Negzzia, portée au nu

Published 13/06/2019 in Mode

Negzzia, portée au nu
Negzzia à Paris, le 4 juin.

portrait

Cette mannequin iranienne, très suivie sur Instagram et obligée de fuir son pays après des photos déshabillées, a obtenu en France son statut de réfugiée.

Le conte de fée médiatique a parfaitement fonctionné. Vendredi dernier, Negzzia, un pseudo, car elle préfère garder secret son vrai nom, a reçu la bonne nouvelle par la poste. Un courrier de l’Ofpra, l’Office français de protection des réfugiés et apatrides, où on peut lire ceci : «La qualité de réfugié est accordée à Mme X.» Voilà la jeune femme de 29 ans autorisée à rester sur le territoire français pour au moins dix ans. La décision a été rapide. Un soulagement. A peine quelques jours plus tôt, elle avait eu un entretien de deux heures et demi avec une agente de cette administration. «Ça s’est bien passé, avait dit l’Iranienne, dans le bureau de son avocat dans le VIIe arrondissement de Paris. Enfin, j’espère.»

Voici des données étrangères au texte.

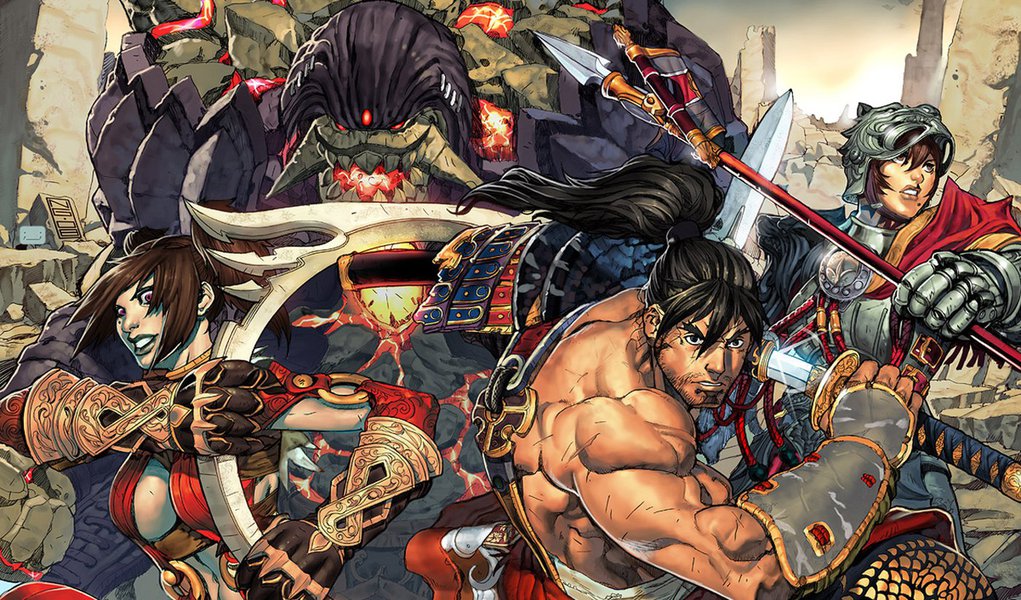Soul Calibur sairá para iOS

Début mai encore, la mannequin, obligée de fuir son pays pour des photos dénudées et vivant dans la rue à Paris, était une inconnue. Mais après plusieurs papiers enthousiastes dans la presse, sa notoriété a bondi. Jusqu’à ce que Christophe Castaner en personne tweete le 2 juin : «L’asile lui sera naturellement proposé. L’Ofpra me l’a confirmé. Ses services sont en contact avec elle, son dossier examiné avec l’attention bienveillante due à sa situation.» Découvrant ainsi la bonté d’âme du ministre de l’Intérieur, on espère qu’il sera aussi diligent avec les centaines de personnes qui dorment sous le périph, porte de la Chapelle à Paris.

Pour Negzzia, l’histoire semble être un film qui se terminerait sur un happy end. Elle s’en est enthousiasmée sur Instagram, multipliant les messages à ses 123 000 abonnés. Des grandes phrases, toutes faites, mais respirant l’émotion : «Quoi qu’il se passe, je n’ai aucun regret parce que tout ce que j’ai fait me fait me sentir plus proche de mes rêves de jeune fille. Merci de me donner la chance de me sentir de nouveau vivante.» Ou : «Parfois, tu dois tomber avant de voler.»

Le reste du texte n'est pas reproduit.